Brian Simo (pronounced "see-mow") (born October 1, 1959) is an American former professional racing driver and businessman. He is a veteran of Trans-Am racing and the owner and founder of the No Fear clothing line. In addition, he competed on the NASCAR circuit as a road course ringer from 1997 to 2012. This included his run in the No. 33 Chevrolet for Richard Childress Racing in the Nextel Cup Series race at Infineon Raceway in 2005, where he finished in 10th place.

Racing career

Sports car racing

NASCAR

Sprint Cup Series
Simo attempted his first NASCAR Cup Series races in 2000 with Donlavey Racing. He raced the No. 90 Ford to a 36th-place finish and failed to qualify the car at Watkins Glen. For the 2001 season, Simo again returned to the same car and team to run the road course races. He earned a 15th place starting spot at Infineon, and finished 42nd after transmission failure. At Watkins Glen, Simo qualified 42nd and ended up finishing the race in 37th after a crash. Simo did not return to the Sprint Cup Series until 2005 when he raced the No. 33 Richard Childress Racing Chevrolet at Infineon. He started the race in 22nd and worked his way up to 10th place to finish the race with his first top ten. In 2006, Simo was selected to run the road course events for Front Row Motorsports. He was unable to qualify their No. 61 Chevrolet at Infineon, however he did qualify the No. 34 Chevrolet for Watkins Glen, his race ended early and finished 41st after being involved in a crash. For 2007, Simo attempted both road courses for Front Row Motorsports in the No. 37 Dodge, however he was unable to qualify. Simo again drove for FRM in 2008 for the road course races, but in the No. 34 Ford/Chevy instead. He finished 43rd at Infineon and failed to qualify for Watkins Glen due to rain. He attempted both road course races for Tommy Baldwin in 2009, but did not qualify for both. He returned at Infineon in 2010 for Tommy Baldwin, but did not qualify.
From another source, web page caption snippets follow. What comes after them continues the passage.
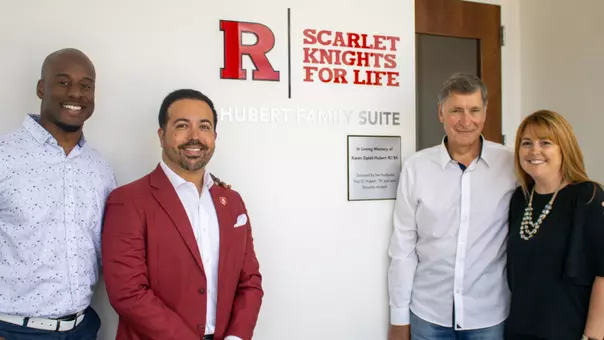 Hubert Family Suite - Scarlet Knights for Life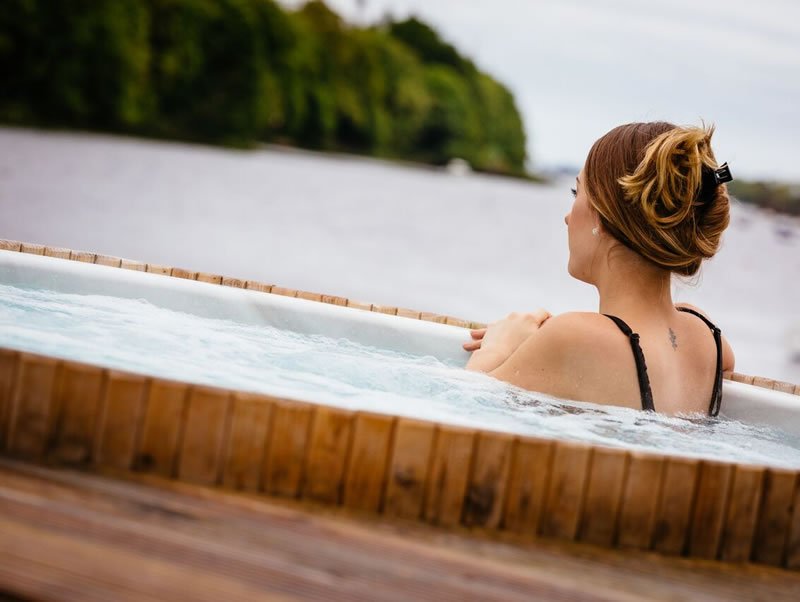 5 Romantic Outdoor Hot Tubs in Ireland - Spas.ie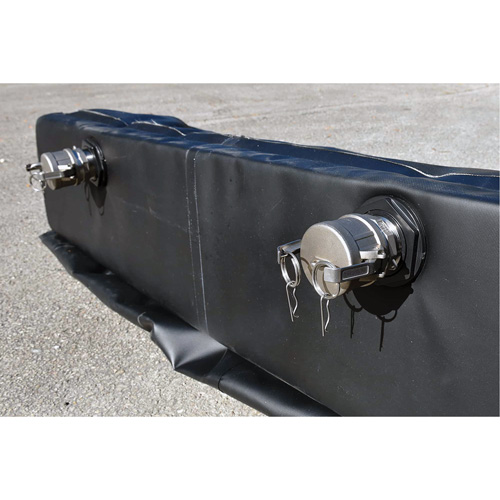 Berme Ultra-Tanker Berm, Capacit&eacute; 374 gal. US, 5' la x 10' lo x 12" h, Paroi en mousse Auto-Cam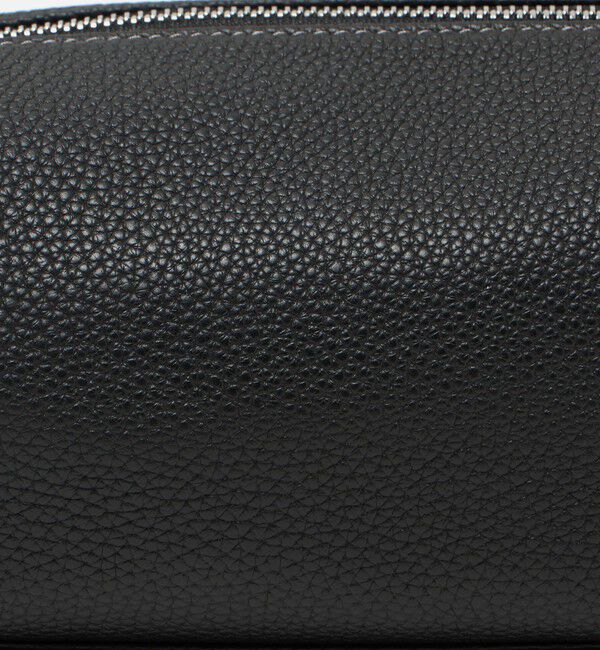 UNITED ARROWS「レザー スクエアクラッチバッグ（ポーチ）」|クラッチバッグ|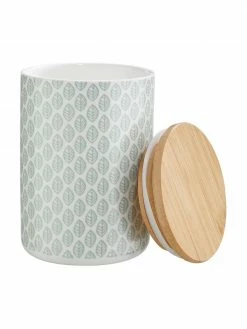 Boîte de rangement Leaves, Ø 10 x haut. 14 cm, Ø 10 x haut. 14 cm, 700 ml -Cuisine Soldes 2022 Boite de rangement Leaves O 10 x haut 14 cm 3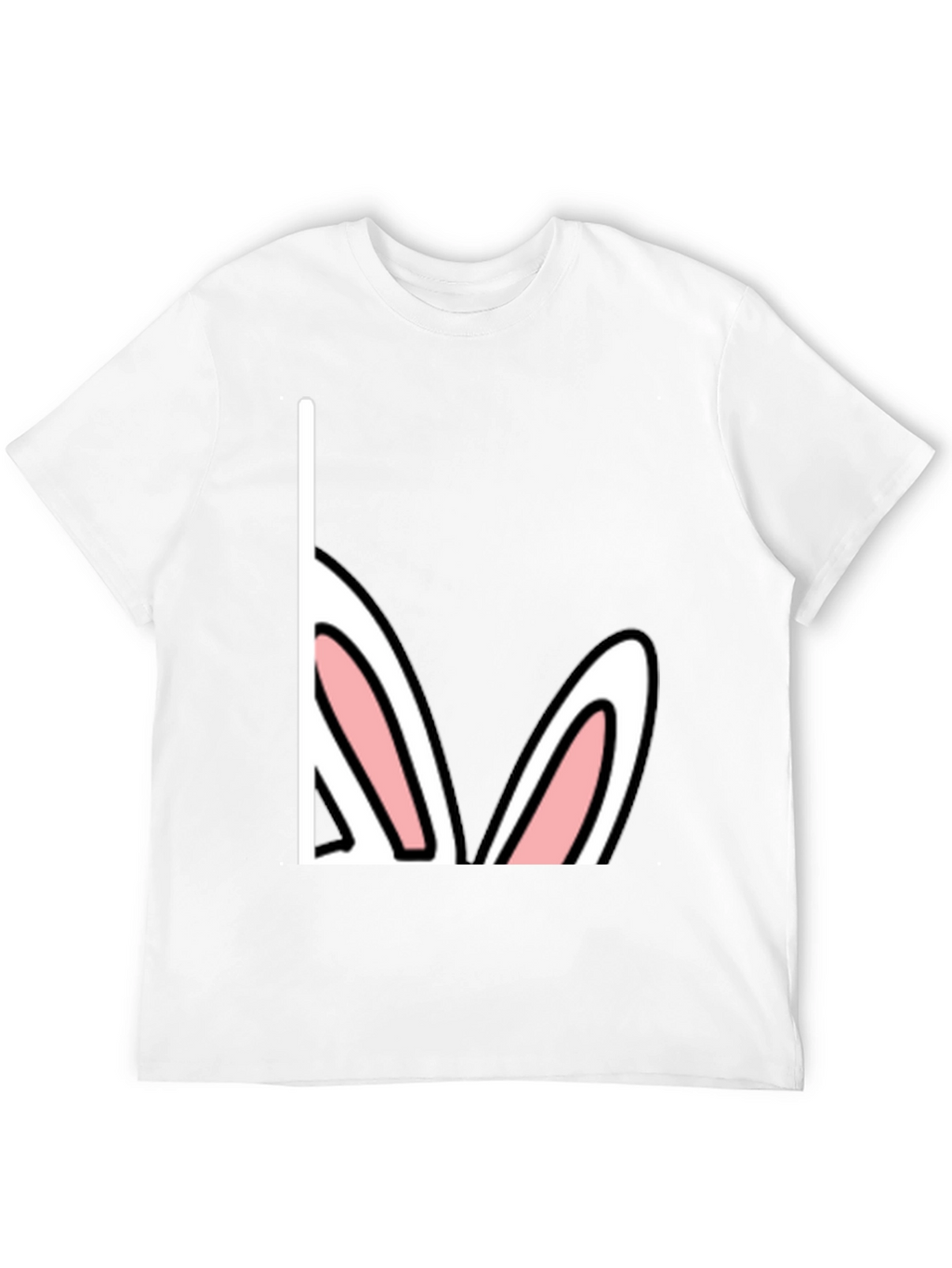 Easter Bunny Ears Peek T-Shirt - Fun Holiday Apparel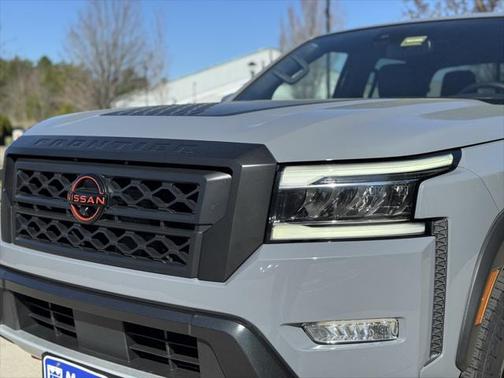 2022 Nissan Frontier PRO-4X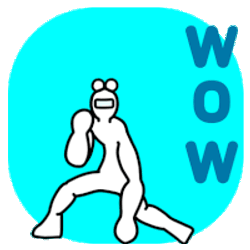 Animation Funny Sticker GIF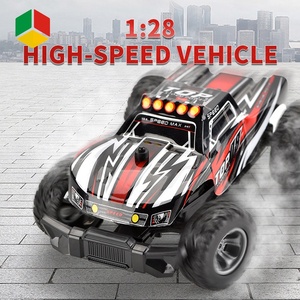 QS เครื่องชั่ง1:28ไฟฟ้าสำหรับเด็ก, r/c ของเล่นรถโมเดลสารพัดประโยชน์2WD รถควบคุมความเร็วสูงของเล่นสำหรับเด็ก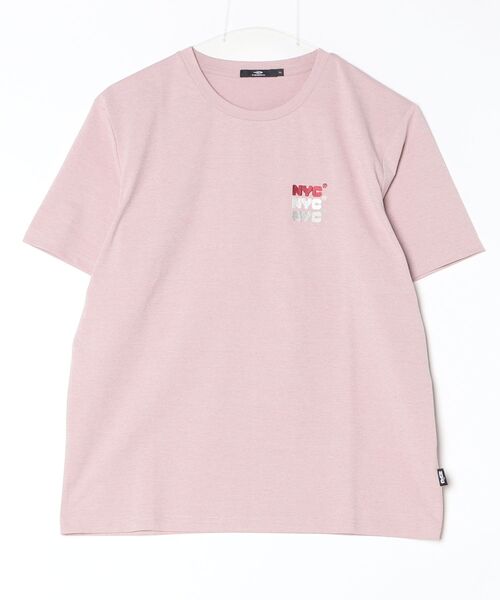 TIGORA(ティゴラ)の「ティゴラ TIGORA UVカットドライグラフィックTシャツ ワンポイント(Tシャツ/カットソー・レディース・ピンク/ホワイト・S/M/L/XL)」の7枚目の写真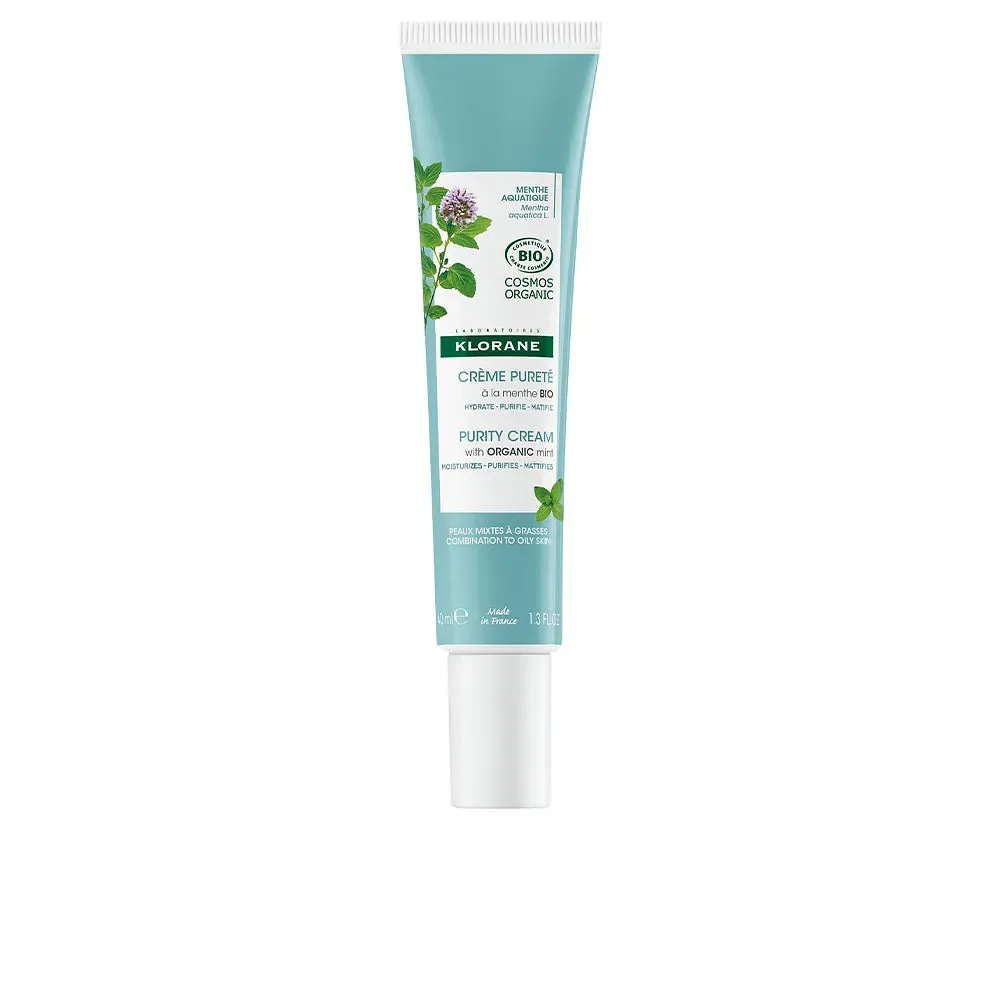 Klorane MENTA BIO Crema purificante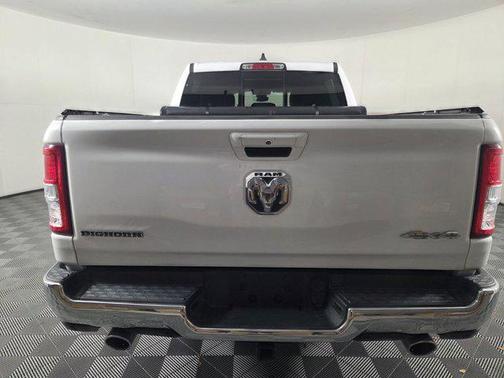 Bright White Clearcoat 2021 RAM 1500 Big Horn/Lone Star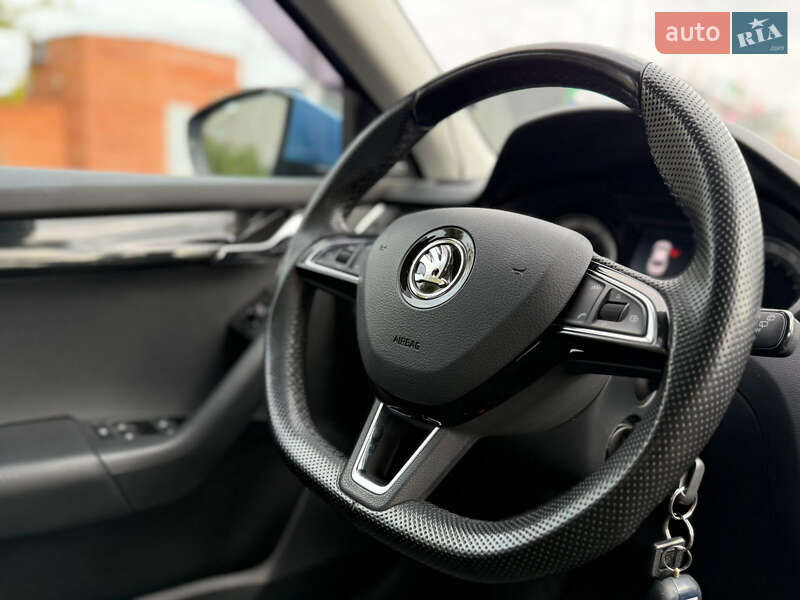 Лифтбек Skoda Octavia 2017 в Киеве фото 15 Лифтбек Skoda Octavia 2017 в Киеве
He raced for Whitney Motorsports in 2011. He made the race at Infineon for the number 81, but did not qualify at Watkins Glen in the 46. He attempted Sonoma in 2012 for Inception Motorsports, but was the only car not to qualify.

Nationwide Series
Simo's first start in the Nationwide would come in the No. 03 Chevrolet. He started the race in the 20th position, but had a driveshaft failure after eight laps and ended the race in the 40th position. In 1998, he failed to qualify for the Gumout Long Life Formula 200 his only oval attempt. Simo returned to the series in 2006 with Frank Cicci Racing and raced the #34 Chevrolet at Watkins Glen to a 22nd-place finish. In 2007, he returned to race for Frank Cicci Racing in their No. 34 Chevrolet at Mexico City. Simo started the race in 39th and provided another 22nd-place finish for the team. For the 2008 season, Simo was selected to run the road courses for Front Row Motorsports in their No. 24 Chevrolet instead of the team's normal driver Eric McClure. His first start came at Mexico City and he finished 28th in the race. He competed in the two other road course races on the schedule for FRM, those being Montreal where he finished 30th, and 20th at Watkins Glen.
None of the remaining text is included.